The EOP2 meeting was supported by results from MindMed’s completed Phase 2b clinical trial, MMED008. The multi-center, randomized, double-blind, parallel-group, dose-finding study was designed to assess the effect of four doses of MM120 for the treatment of anxiety symptoms in participants diagnosed with GAD. In the trial, MM120 met its primary and key secondary endpoints and demonstrated a rapid, clinically meaningful, and statistically significant improvements on the Hamilton Anxiety rating scale (HAM-A) at Week 4 and Week 12, with a 65% clinical response rate and 48% clinical remission rate sustained to Week 12 in the MM120 100 µg cohort. MM120 was generally well-tolerated in this trial, with most adverse events rated as mild to moderate, transient, and occurring on the dosing day and being consistent with the expected acute effects of the trial drug.
“On behalf of the 20 million people in the U.S. – and millions more worldwide – who are living with GAD, we are incredibly excited for the therapeutic potential that MM120 shows based on the data from the previously completed Phase 2b MMED008 trial,” said Daniel R. Karlin, MD, MA, Chief Medical Officer of MindMed. “Few treatment options have shown robust activity in GAD, with the last new FDA approval occurring in 2007. We are committed to bringing MM120 to people living with GAD and are excited to move into the next phase of our development program.”
LSD (lysergide) is a synthetic ergotamine belonging to the group of classic, or serotonergic, psychedelics, which acts as a partial agonist at human serotonin-2A (5-hydroxytryptamine-2A [5-HT2A]) receptors. MindMed is developing MM120, the tartrate salt form of lysergide, for GAD and is exploring its potential applications in other serious brain health disorders.
About Generalized Anxiety Disorder (GAD)
GAD is a common condition associated with significant impairment that adversely affects millions of people. GAD results in fear, persistent anxiety, and a constant feeling of being overwhelmed. It is characterized by excessive, persistent, and unrealistic worry about everyday things.
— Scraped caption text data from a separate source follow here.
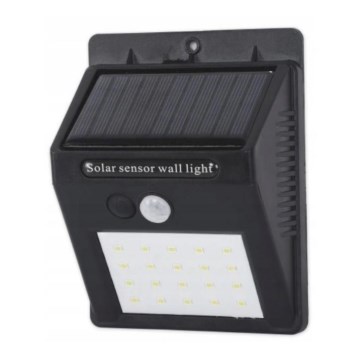 Солнечный настенный светильник со светодиодом и датчиком LED/0,55W/3,7V 1200 mAh IP65
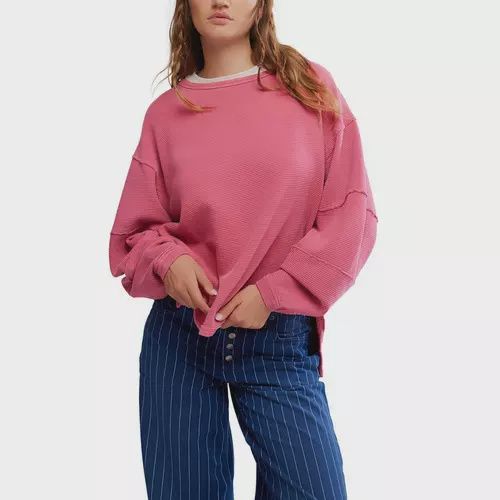 We The Free Hibiscus Pop Pink Total Eclipse Tee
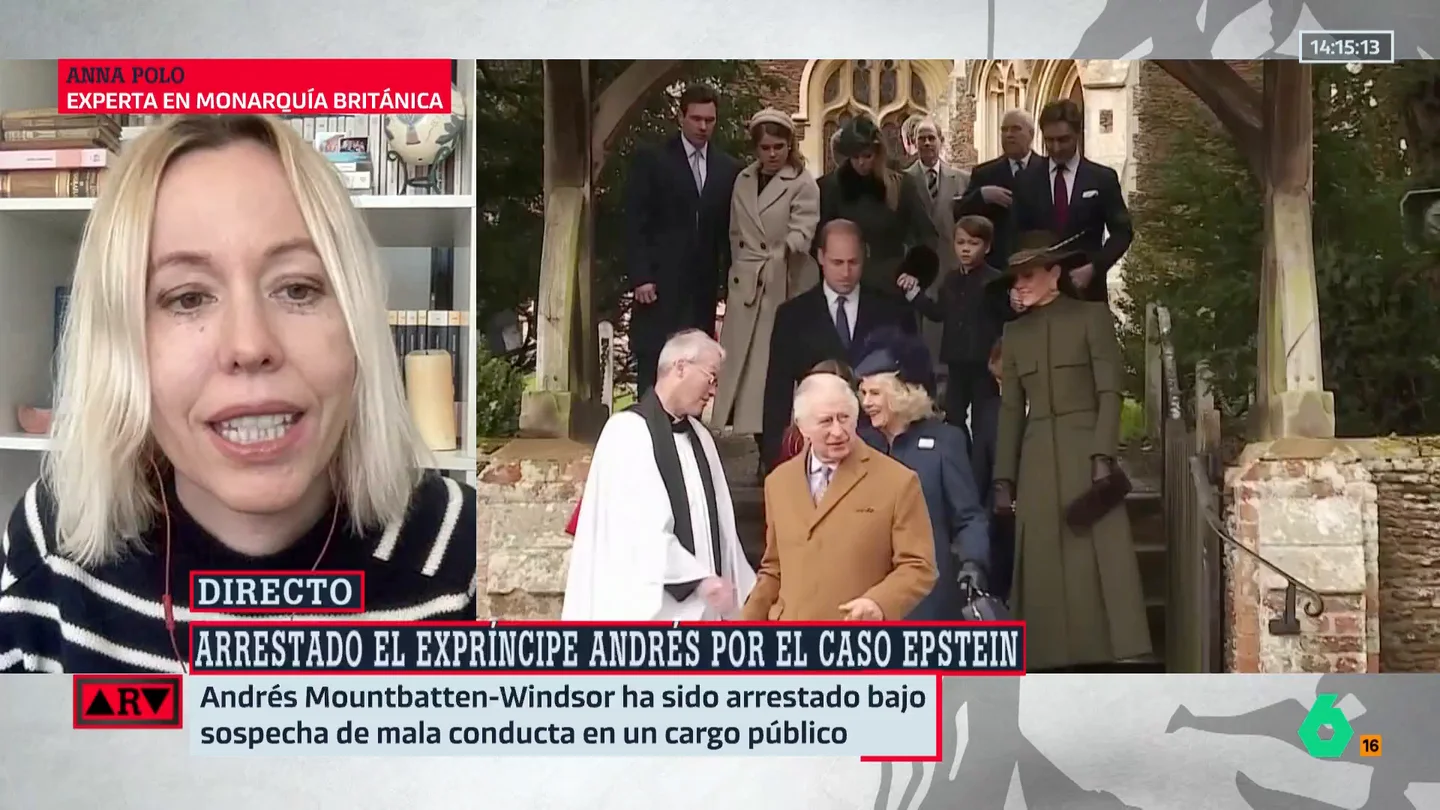 Anna Polo, experta en monarquía británica, tras la detención del ex príncipe Andrés: "Están involucrando a la hija mayor por su tren de vida excesivo" Anna Polo, experta en monarquía británica, tras la detención del ex príncipe Andrés: "Están involucrando a la hija mayor por su tren de vida excesivo"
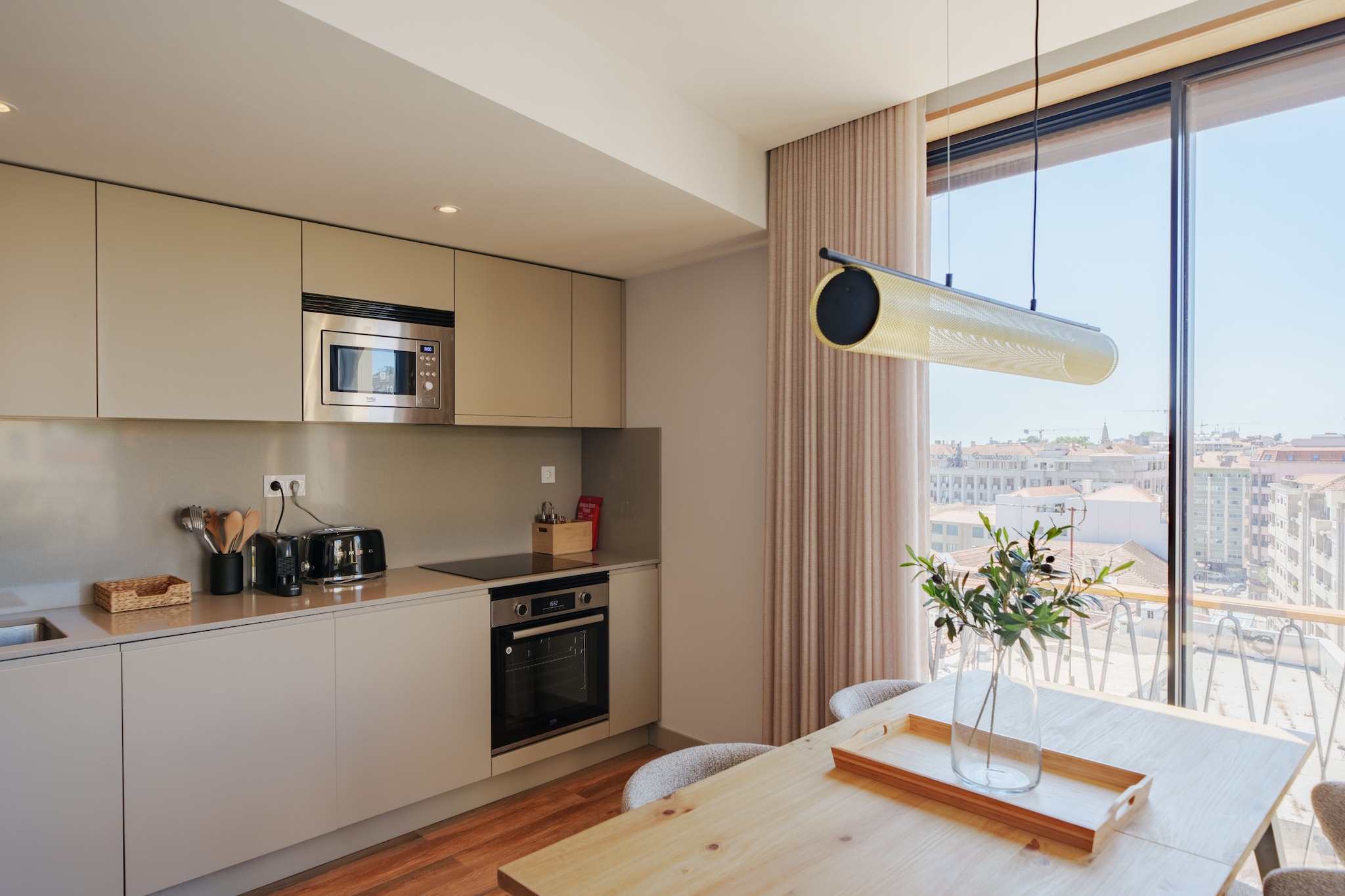 Feel Porto Firmeza Coworking & Flat 1.3-Keuken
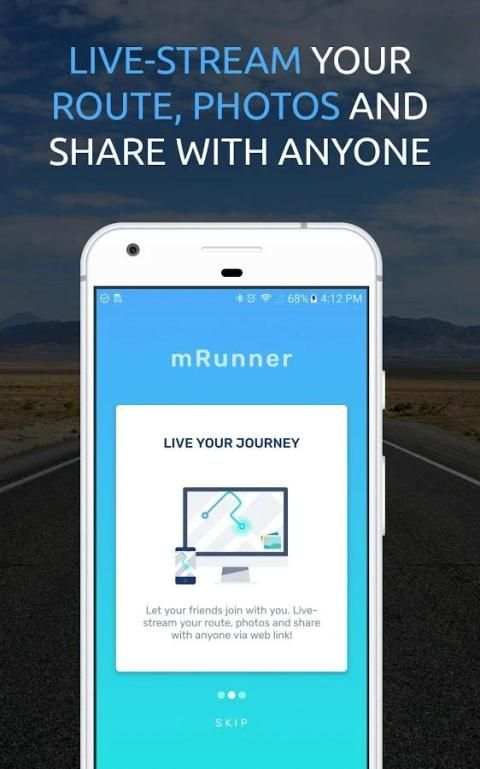mRunner Cycling & Running Tracker with GPS स्क्रीनशॉट 4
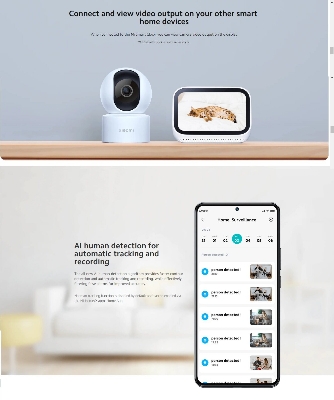 Picture of Xiaomi Mi C200 360° 1080P Home Security Smart Camera - White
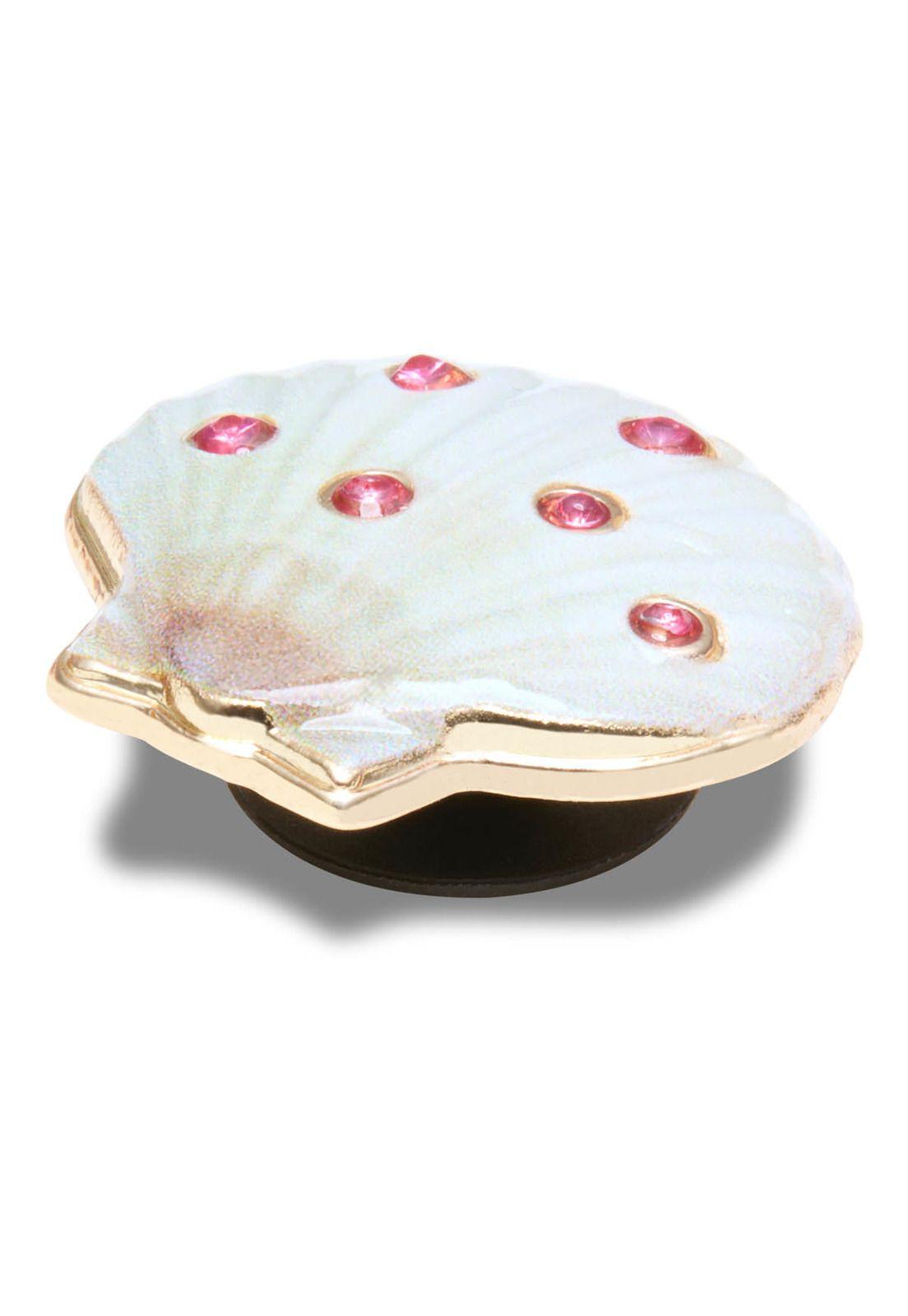 Jibbitz Crocs Concha Con Rosa Rosado-2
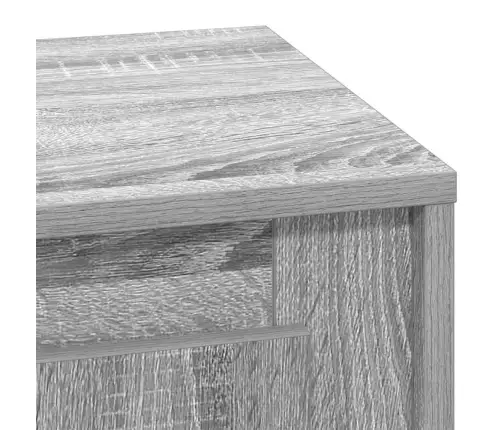 Šalia Lovos Spintelė 2 Pcs Pilka 44 X 34,5 X 45 Cm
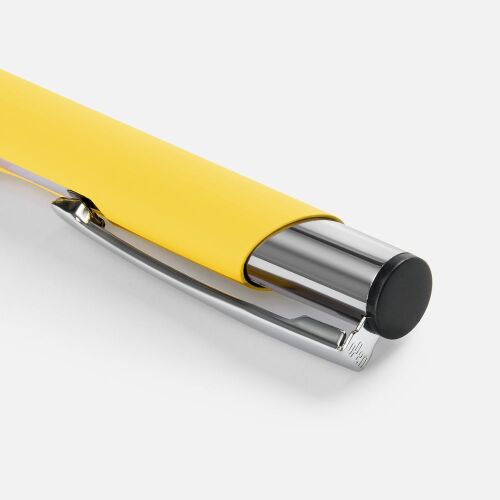Ручка шариковая Keskus Soft Touch, желтая 3
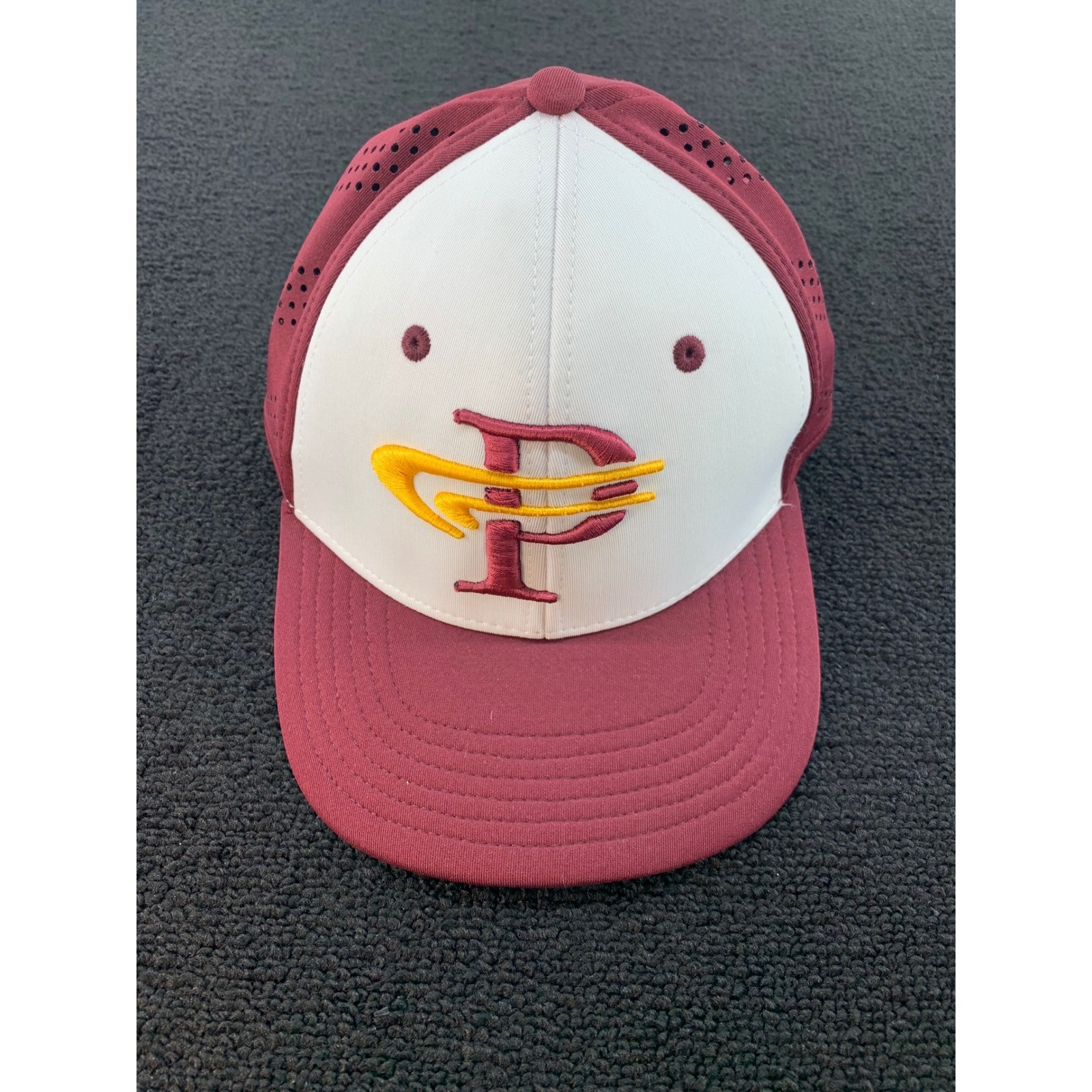OC Sports ProFlex Wolves Baseball Cap Maroon White Q3 Technology Adjustable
Approximately 10% of U.S. adults, representing around 20 million people, currently suffer from GAD. This underdiagnosed and underserved indication is associated with significant impairment, less accomplishment at work and reduced labor force participation. Despite the significant personal and societal burden of GAD, there has been little innovation in the treatment of GAD in the past several decades, with the last new drug approval occurring in 2007.
MindMed is a clinical stage biopharmaceutical company developing novel product candidates to treat brain health disorders. Our mission is to be the global leader in the development and delivery of treatments that unlock new opportunities to improve patient outcomes. We are developing a pipeline of innovative product candidates, with and without acute perceptual effects, targeting neurotransmitter pathways that play key roles in brain health disorders. MindMed trades on NASDAQ under the symbol MNMD.